→ **EXERCISE**
Your copy should contain exactly the lines from the start of the listing through the line that holds "Camisa Colo-Colo Edição", and no pictures.

(DATASET EXTRACT Opens)

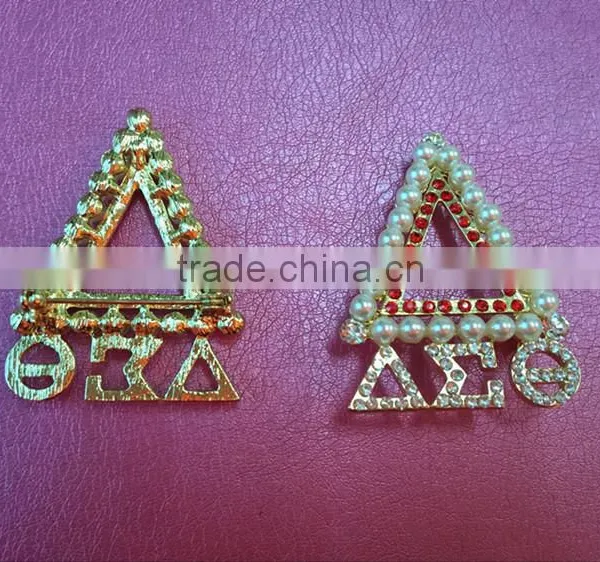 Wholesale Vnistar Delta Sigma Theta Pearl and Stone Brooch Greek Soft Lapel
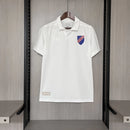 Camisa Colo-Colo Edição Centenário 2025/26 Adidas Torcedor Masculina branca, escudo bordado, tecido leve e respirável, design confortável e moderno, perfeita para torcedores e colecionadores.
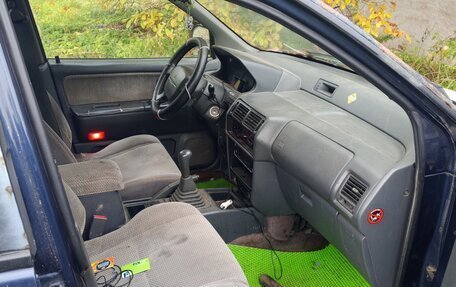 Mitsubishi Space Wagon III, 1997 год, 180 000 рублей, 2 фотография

(DATASET EXTRACT Closes)

→ **WORKED SOLUTION**
 Wholesale Vnistar Delta Sigma Theta Pearl and Stone Brooch Greek Soft Lapel
 Camisa Colo-Colo Edição Centenário 2025/26 Adidas Torcedor Masculina branca, escudo bordado, tecido leve e respirável, design confortável e moderno, perfeita para torcedores e colecionadores.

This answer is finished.